An exact transcription of every record is needed, leaving out the pictures.

'''

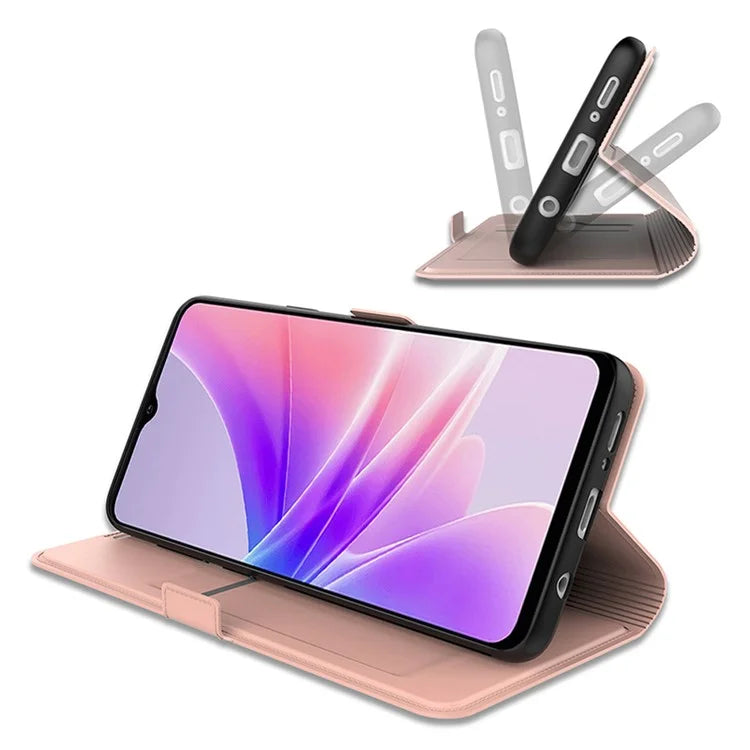 For vivo T3x Case Stand Slip Leather Phone Cover with Card Slots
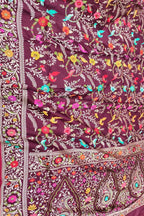 Maroon Handloom Banarasi Pure Katan Silk Flower And Bird Design Meenakari Saree - Luxurion World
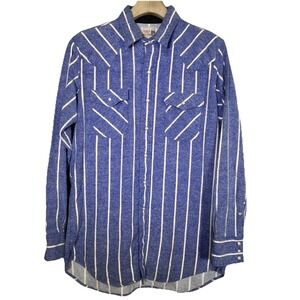 Vintage Saddle King Western Flannel Pearl Snap Shirt Mens Size XL 17 1/2 Striped
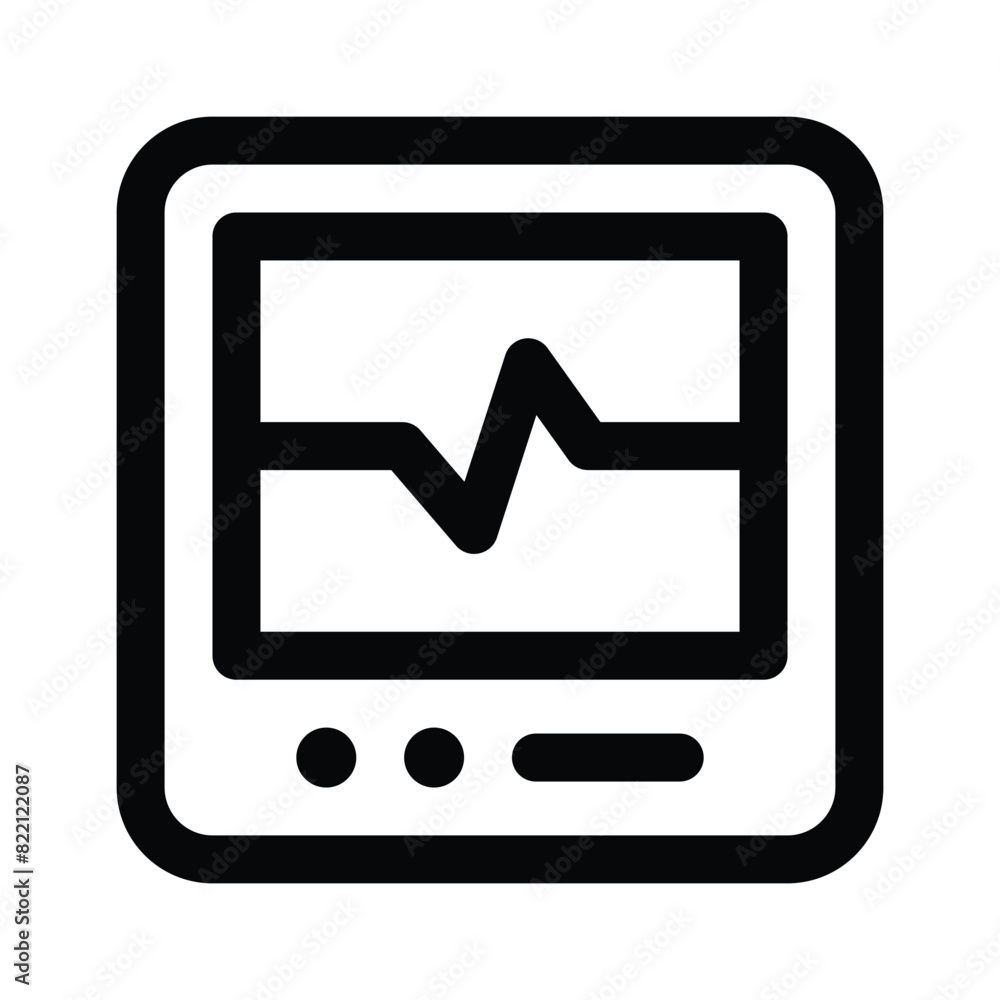 Ecg machine icon design isolated on white background Ecg machine icon design isolated on white background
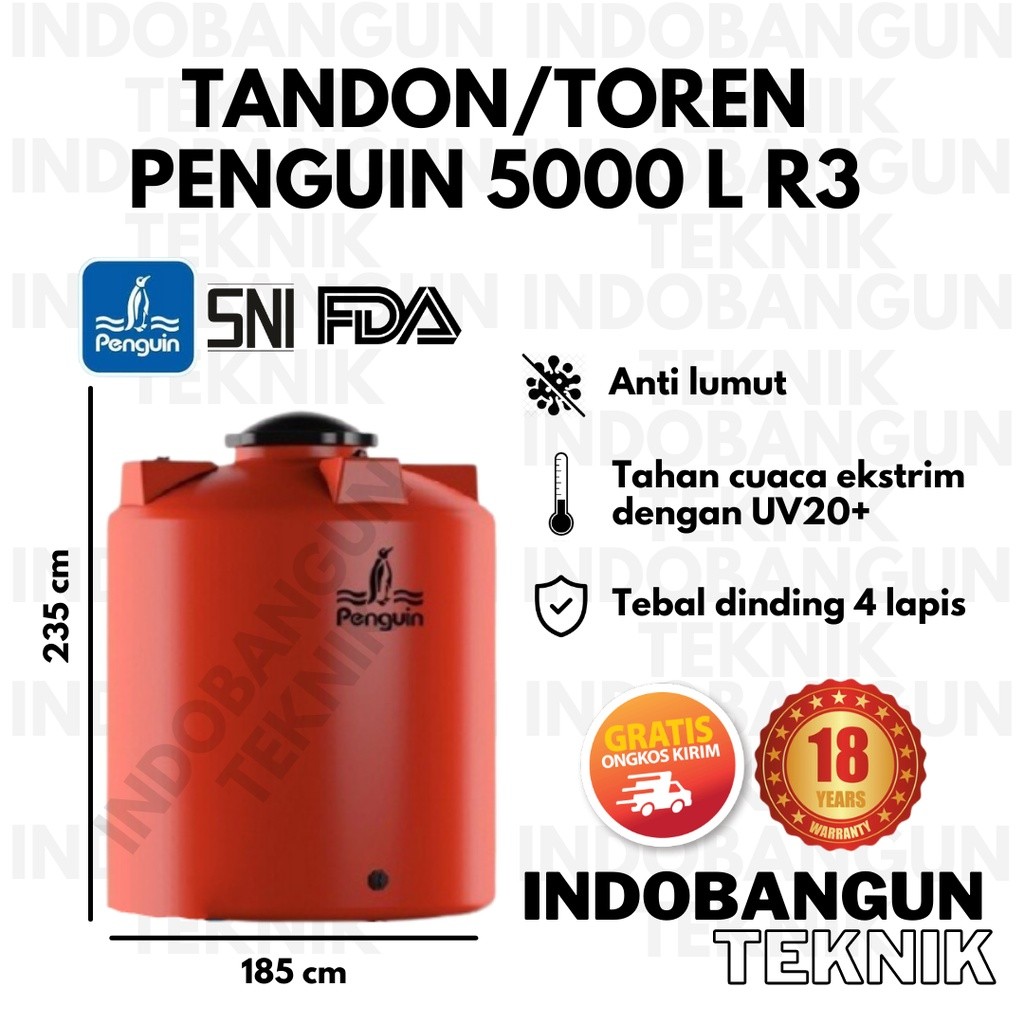 Toren Air Tangki Air Tandon Air Penguin TB500 (5100 Liter 5000 Liter) TB 500 R3 Anti Lumut Murah Ber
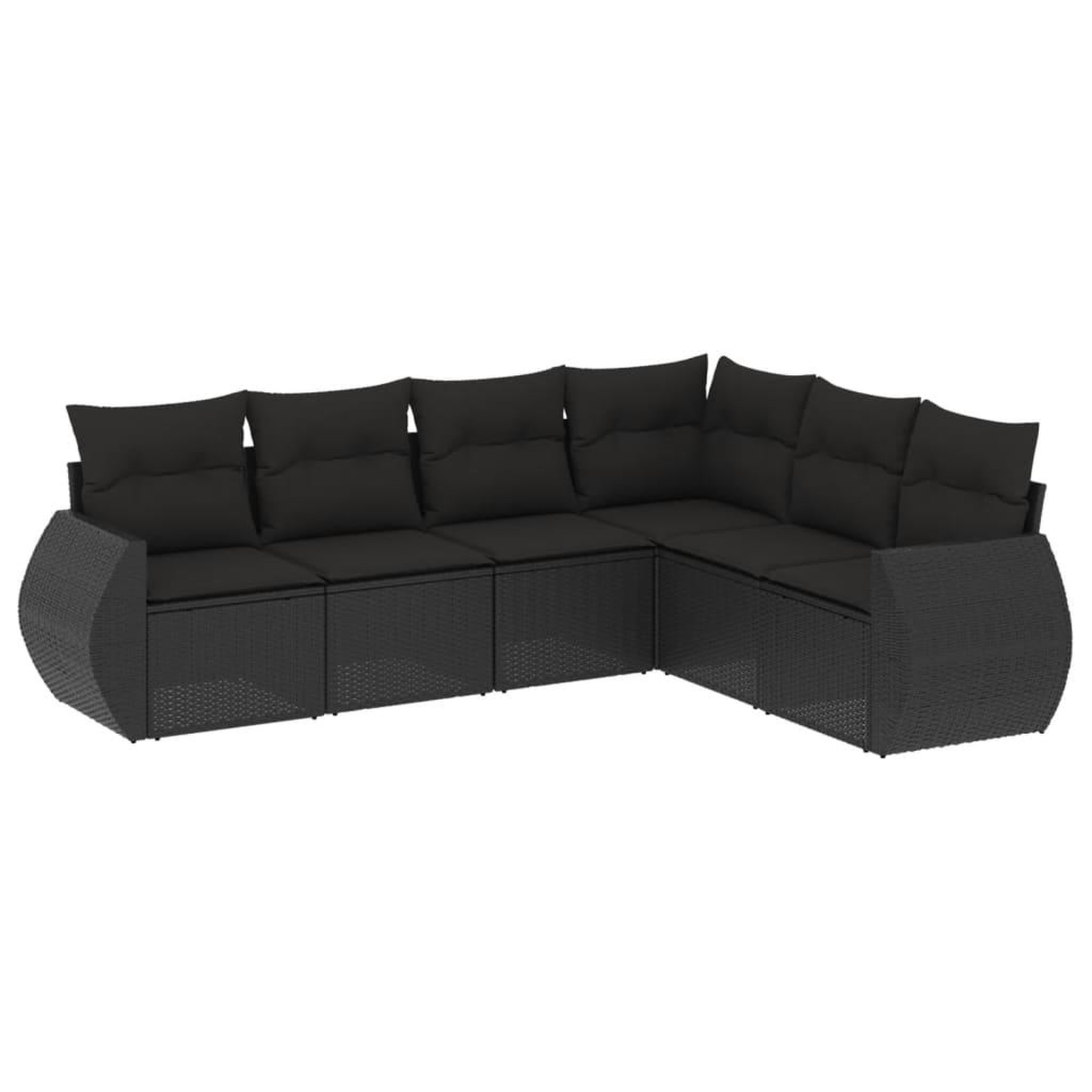 Voir la diapositive 2 : VIDAXL Salon de jardin 6 pcs avec coussins noir resine tressee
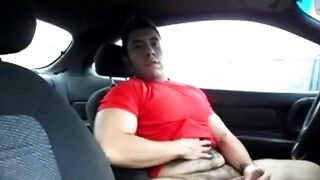 Hairy Latino bud jacks off in his car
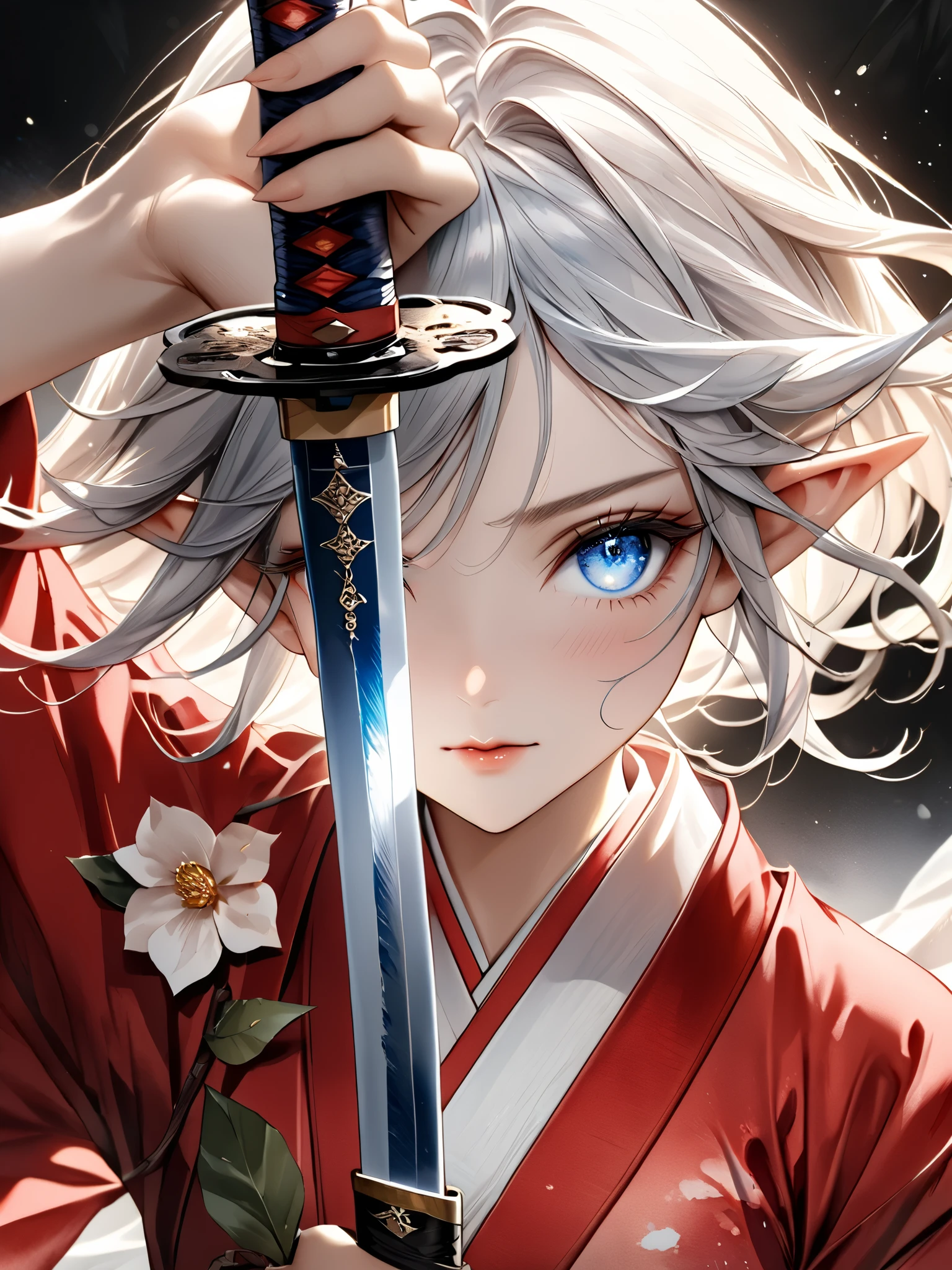 (masterpiece:1.1576),best quality,best aestethic,(high resolusion:1.2155),(ultra detailed 8k art:1.05), ultra-detailed face, beautiful detailed eyes,detailed hair texture,shiny skin,realistic glistening skin,perfect hand,detailed cloth texture,
break
1girl,(elf ears:1.15),blue eyes, silver hair,shiny hair,short ponytail,(swept bangs:1.1),elf,divine atmosphere, (40 years old:1.1), (Watercolor:1.1),
break
perfect white furisode,perfect samurai katana,arm up,vertical drawing sword,(perfect red camellia:1.1),Camellia backgroundfront facing,direct gaze,close-up,ronin,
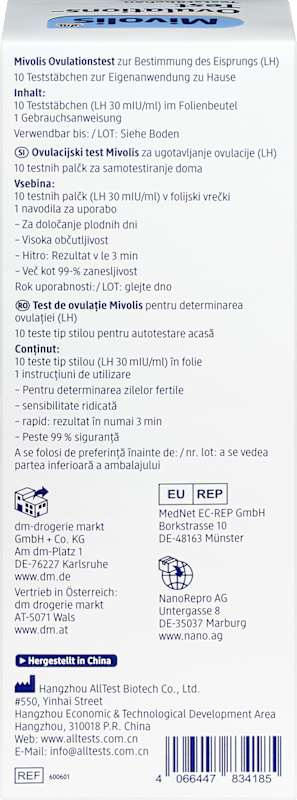 Mivolis Test d'ovulation bandelettes 10 pièces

'''

- _Answer space_:
 For vivo T3x Case Stand Slip Leather Phone Cover with Card Slots
 Maroon Handloom Banarasi Pure Katan Silk Flower And Bird Design Meenakari Saree - Luxurion World
 Vintage Saddle King Western Flannel Pearl Snap Shirt Mens Size XL 17 1/2 Striped
 Ecg machine icon design isolated on white background Ecg machine icon design isolated on white background
 Toren Air Tangki Air Tandon Air Penguin TB500 (5100 Liter 5000 Liter) TB 500 R3 Anti Lumut Murah Ber
 Voir la diapositive 2 : VIDAXL Salon de jardin 6 pcs avec coussins noir resine tressee
 Hairy Latino bud jacks off in his car
 (masterpiece:1.1576),best quality,best aestethic,(high resolusion:1.2155),(ultra detailed 8k art:1.05), ultra-detailed face, beautiful detailed eyes,detailed hair texture,shiny skin,realistic glistening skin,perfect hand,detailed cloth texture,
break
1girl,(elf ears:1.15),blue eyes, silver hair,shiny hair,short ponytail,(swept bangs:1.1),elf,divine atmosphere, (40 years old:1.1), (Watercolor:1.1),
break
perfect white furisode,perfect samurai katana,arm up,vertical drawing sword,(perfect red camellia:1.1),Camellia backgroundfront facing,direct gaze,close-up,ronin,
 Mivolis Test d'ovulation bandelettes 10 pièces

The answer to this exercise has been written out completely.